The plaintiff in Family Dollar Stores started work as a manager trainee for Family Dollar. She was fired after her first day. She complained to HR and met with the district manager. During her meeting, plaintiff claims that the district manager talked about very personal things, such as her hair, eyes, and marital status. Plaintiff was rehired and placed in a five-week training program. During the district manager's contact with plaintiff, which was once a week for approximately an hour, plaintiff claims that the district manager was physically inappropriate towards her and insinuated that he could control her future in the company.  

At the end of her training period, plaintiff was assigned to a store as manager. During the first week she made phone calls to the district manager for assistance. At one time, the district manager, who was in Florida at the time, told plaintiff that he felt she should be with him.  Another time, the plaintiff claims that the district manager called her "baby doll."

Several months after plaintiff was hired, the district manager came to the store and plaintiff addressed all of her problems with her employees. She also told him they needed to prepare the appropriate paperwork for her back pain because she was forced to unload the truck by herself.  The district manager's demeanor worsened and he grabbed plaintiff and told her he thought she was no longer willing to be a team player.  He then fired plaintiff.

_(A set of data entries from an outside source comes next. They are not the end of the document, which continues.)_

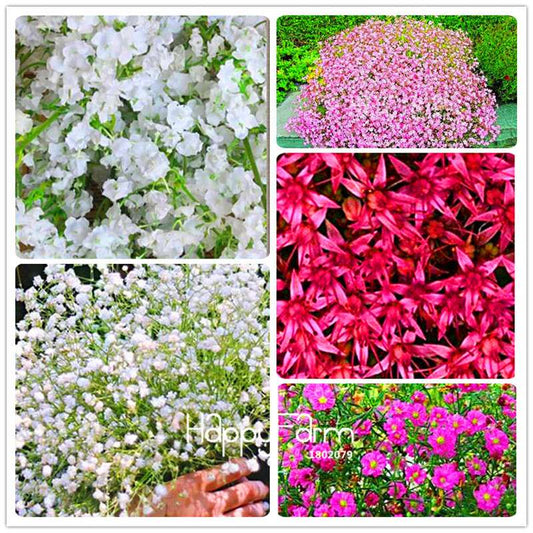 Gypsophila Seeds - Fragrant Bonsai Flowers for Home Garden Planting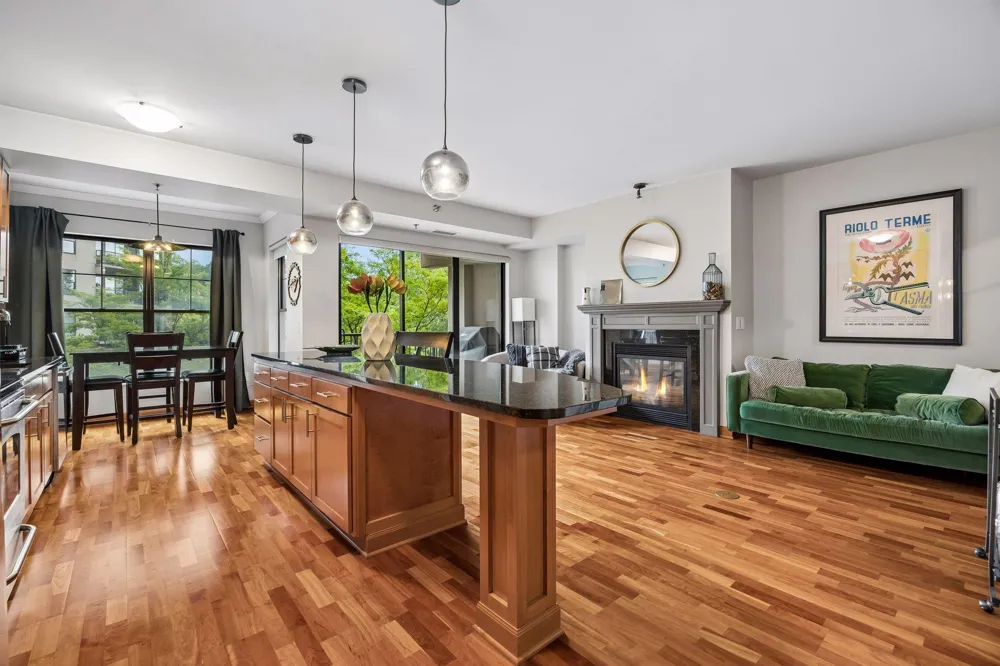 317 Groveland Avenue #311 Minneapolis, MN 55403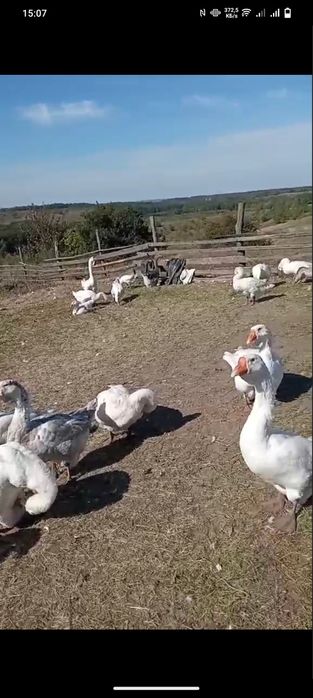 Продам гусей холмогори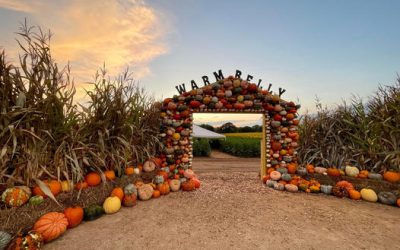 Channel 3000: In the 608: Fall fun at Warm Belly Farms & Garden Center
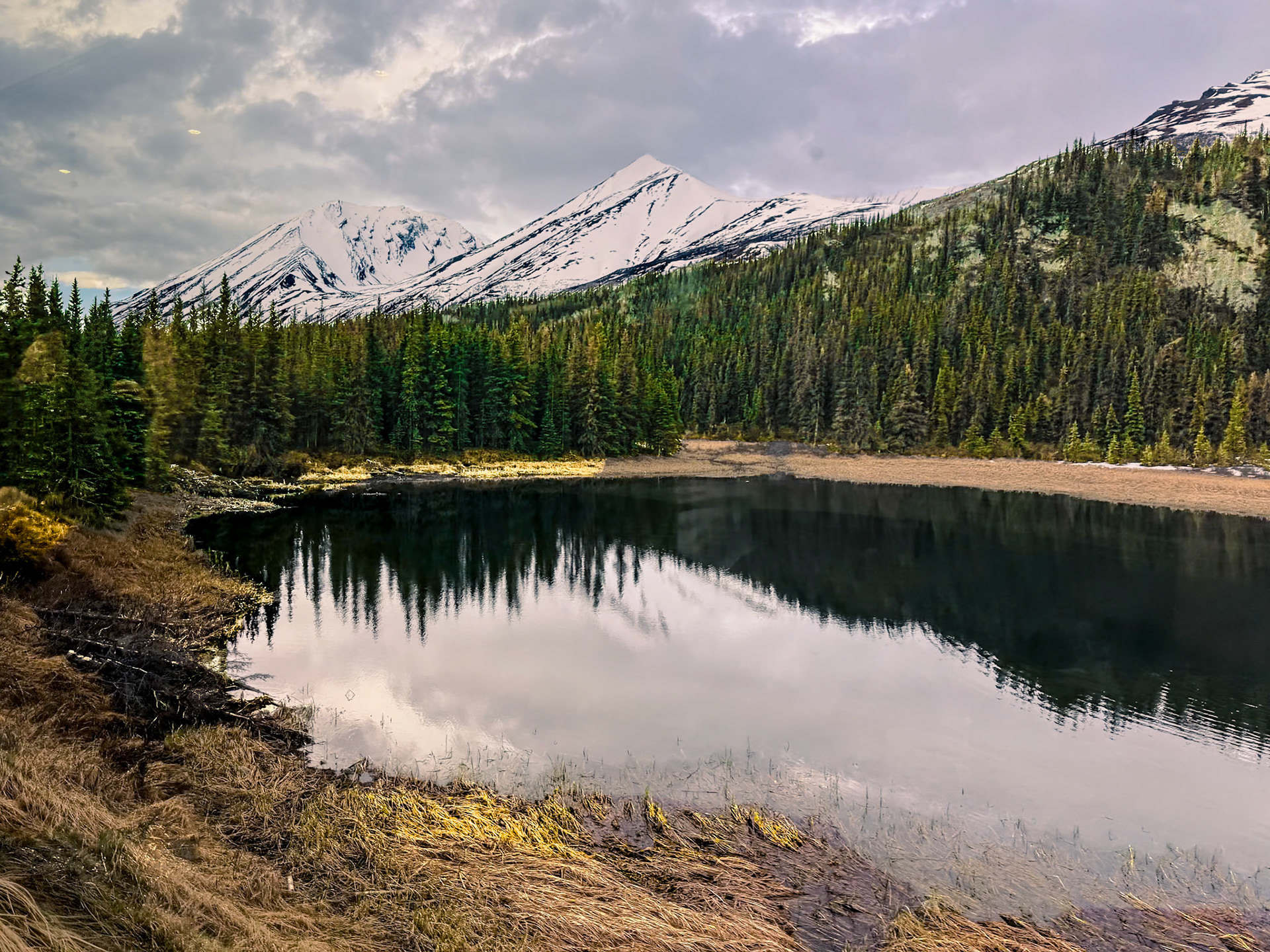 In Denali National Park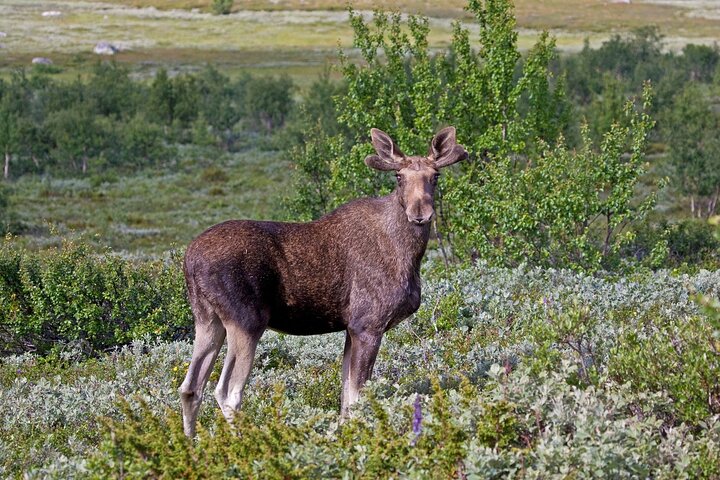 Moose safari adventure on ebike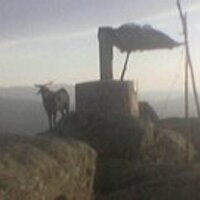 Vaelicoloboso (@vaelicoloboso) 's Twitter Profile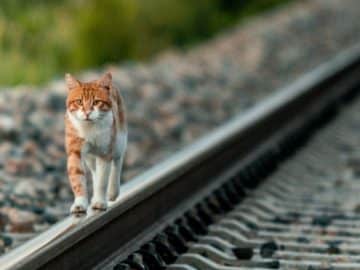 Un chat sur les rails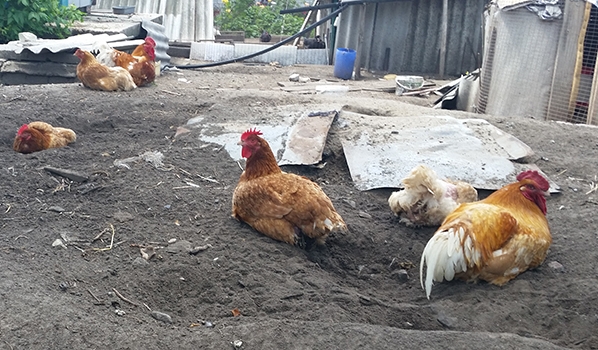 Воровка хотела стащить куриц.
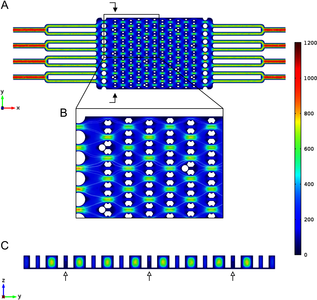 Development of a Single Cell Trapping Microfluidic Device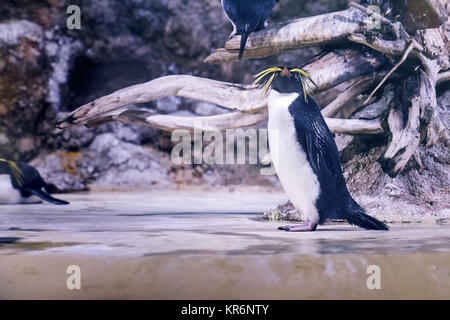 Northern rockhopper Pinguine (Eudyptes moseleyi), auch bekannt als Moseleys rockhopper Penguin, oder Moseley's Pinguin Stockfoto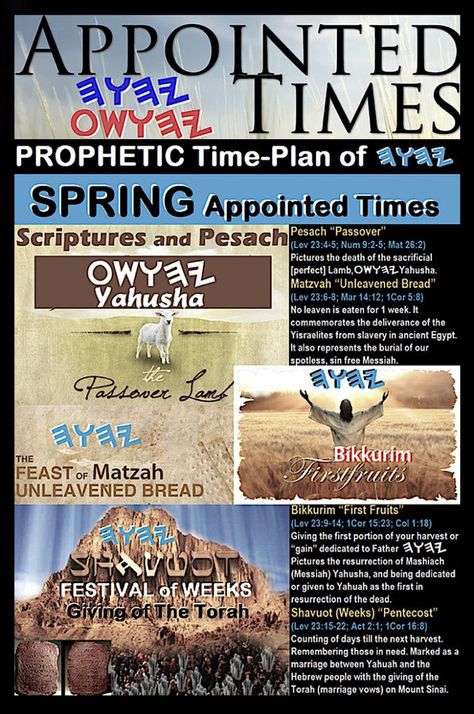 7 Feasts of The Lord Archives · Mini Manna Moments Leviticus 23, Bible Charts, Yom Teruah, Feasts Of The Lord, Simchat Torah, Ancient Hebrew, Zodiac Calendar, Yom Kippur, Sukkot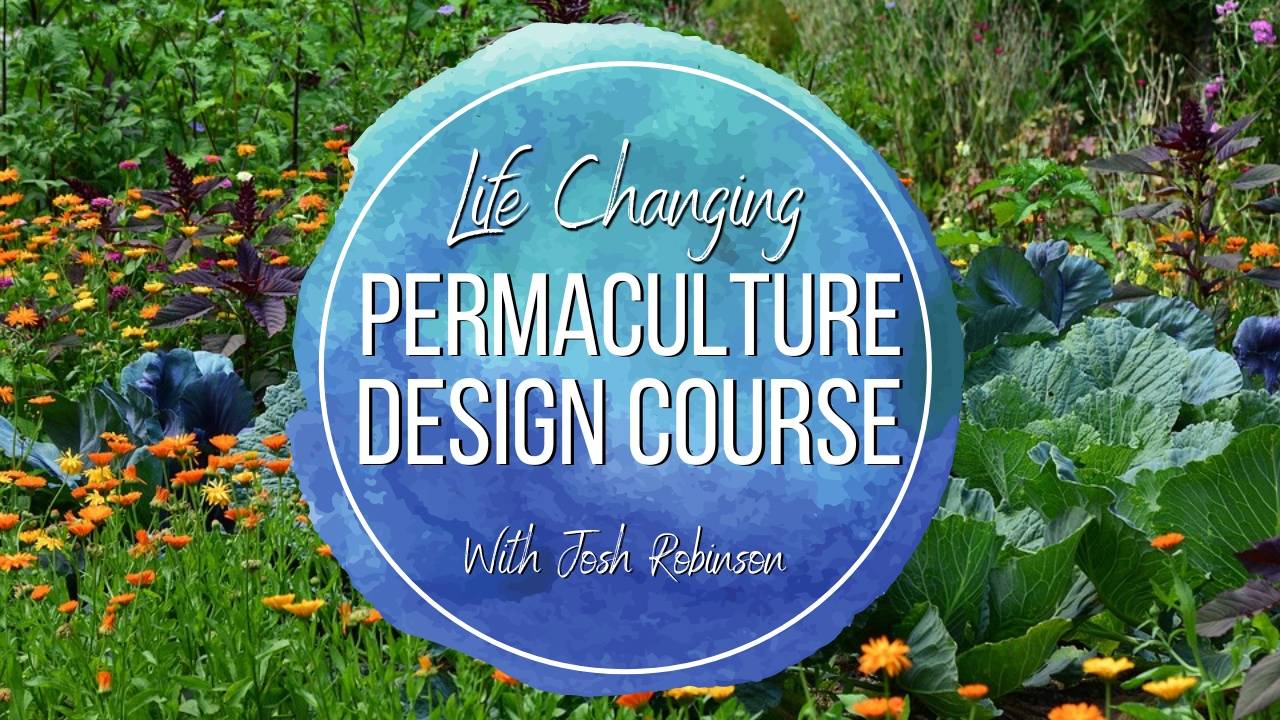 Master Agroforestry: Online PDCs for Carbon Sequestration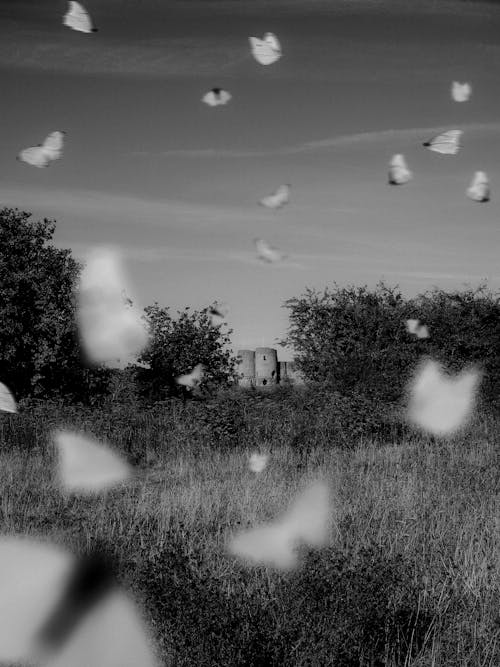 Free Grayscale Photo of Grass Field With Birds Flying Stock Photo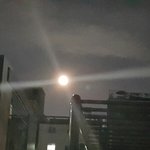 [<b>댓글</b>부탁해] 얘들아 지금 <b>달</b>봐봐
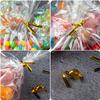 Labeol 300pcs Cellophane Bags 6X9 5X7 4X6 Cellophane Treat Bags with Ties Goodie Bag Clear Gift Bag Candy Cookie Party Favor Wraps for Packaging view 3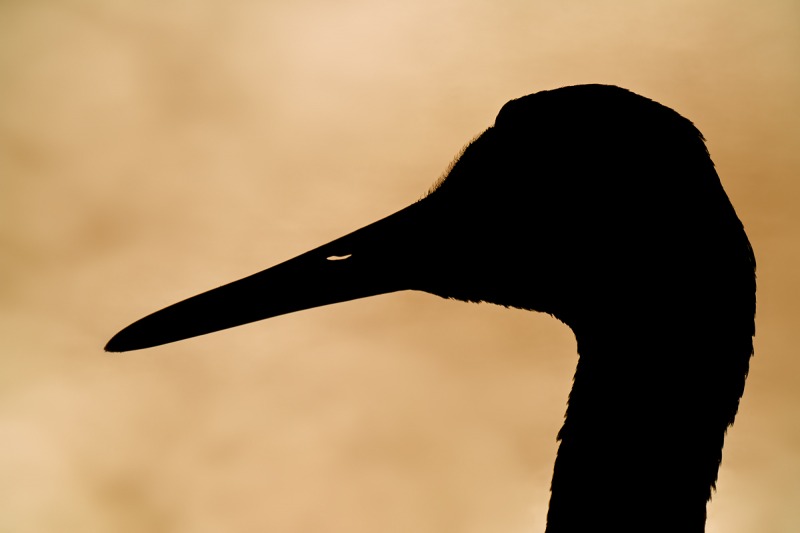 Sandhill-Crane-super-bright-silhouette-_7R43421-Indian-Lake-Estates-FL-1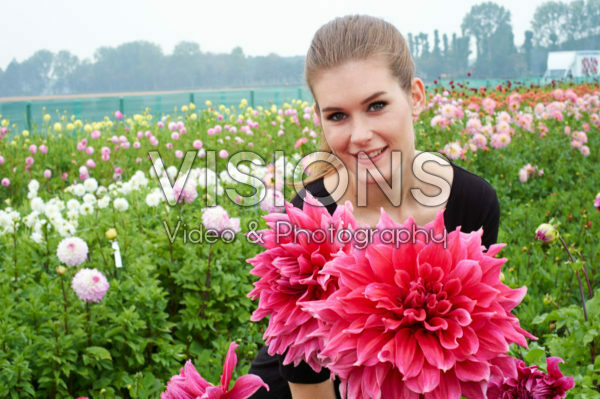 Dahlia Emory Paul Dahlia Emory Paul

Plaintiff did not report any of the harassment to HR and even though she wrote an email to HR after her termination, she did not include the sexual harassment. She first mentioned the sexual harassment in her EEOC complaint. The district court granted Family Dollar's summary judgment, finding that plaintiff's allegations were not so severe as to alter a term, condition, or privilege of her employment. The Court of Appeals agreed. The Court stated that although White's conduct was ungentlemanly and inappropriate, Title VII is not a "general civility code for the American workplace."

Sure, the district manager's conduct was not harassment under Title VII, but to create a more productive work environment, employers should not allow this type of conduct in their workplace.  It is much easier to be civil than sorry.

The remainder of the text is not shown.